The bar was hosting a drag show on Saturday night dedicated to the memory of Lilly Savage, an influential British drag queen and LGBTQI+ advocate who died last week and served as inspiration for Dorothy Male, who grew up in the United Kingdom. The bar hosts regular drag shows, drag bingo, and karaoke.
There was a similar incident at the bar in September 2022, when another group of people passing the bar yelled offensive statements at the bar’s patrons, but did not escalate to violence. Sikkom reported at the time on a post by a patron of the bar about the altercation.
Wilson bought the drag bar, which was previously named House of Scandal, in July 2022. The drag performer was born and raised in the United Kingdom, and posts on the bar’s Instagram page are often in Dutch and English. Dagblad van het Noorden reports that that Wilson and Meek relocated to the north from the Amsterdam region in 2021.
Dorothy’s is one of several LGBTQI+ bars and cafes in Groningen, which also includes Café de Prins, Out of the Closet Café, and Scandal.
“As a community bar, we are a safe space”, Wilson says. “We experience silly comments like every venue. And generally violence-wise we have zero issues, we have zero homophobia in the bar because we are a community and we look after each other. But as a whole, the LGBTQI [community] is experiencing a big increase in homophobia, we hear reports from customers across the city.”
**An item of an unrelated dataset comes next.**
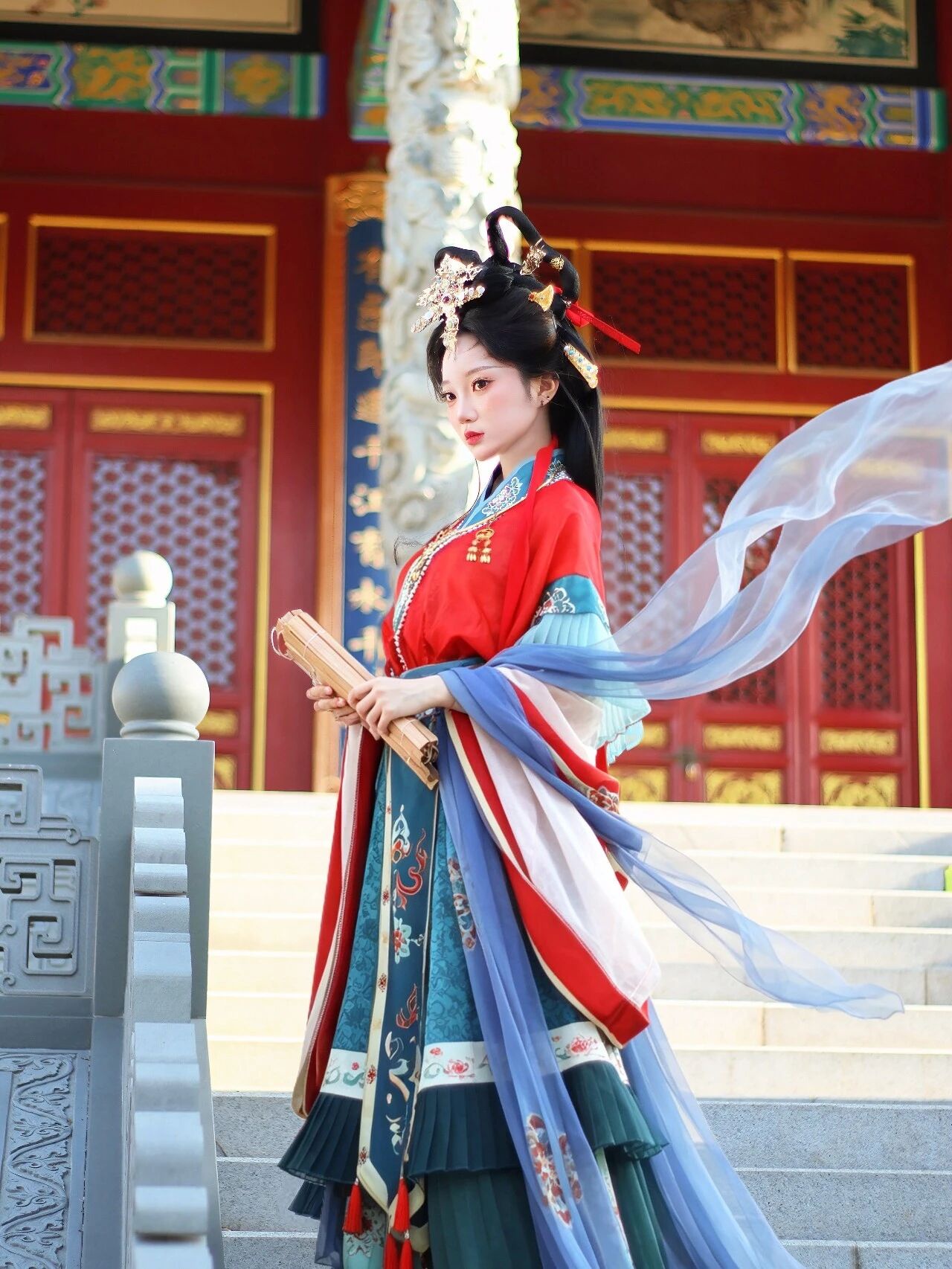 朱墙宫苑 · 嫦娥拂袖 唐制第8帧/8·竖幅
The Netherlands was the first country in the world to legally recognise gay marriage in 1998, and is one of the most accepting nations in terms of LGBTQI+ rights: it was ranked second in a study by UCLA in 2020 of 175 countries. But homophobic and transphobic attacks and threats still regularly occur: in 2021, the most recently confirmed statistics, there were 2,471 reported incidents of discrimination or violence targeting queer people, which was an increase from 2020.
The drag scene in the Netherlands has existed for decades, but it has experienced increased popularity and visibility in recent years with television shows like Drag Race Holland. Globally, there has been a counter response to the mainstreaming of drag in the form of restrictive laws and and discrimination against drag performers and trans people: in the state of Tennessee in the United States, a controversial “drag ban” law was recently passed (but is currently on hold), and far-right protestors regularly target drag queen story time events in the United States and the United Kingdom.
Members of the LGBTQI+ community also face other forms of exclusion and erasure. In March 2023, in a small municipality in South Holland called Goeree-Overflakkee, a local union for municipal events organization sought to prevent representatives of a gay group from laying a wreath during the annual Dutch Remembrance Day on 4 May. The municipal government intervened and made clear that LGBTQI+ representatives were welcome at the memorial.
The effort to exclude them was especially cruel when considering that as many as 15,000 queer people were sent to labour and concentration camps during the Second World War. LGBTQI+ people were the second largest group targeted during the Holocaust following Jewish people, and Amsterdam has a permanent memorial to queer victims of the Nazis: the Homomonument, three pink granite triangles near the Westerkerk in Amsterdam. The shape of the monument evokes the shape of the patches queer prisoners were made to wear.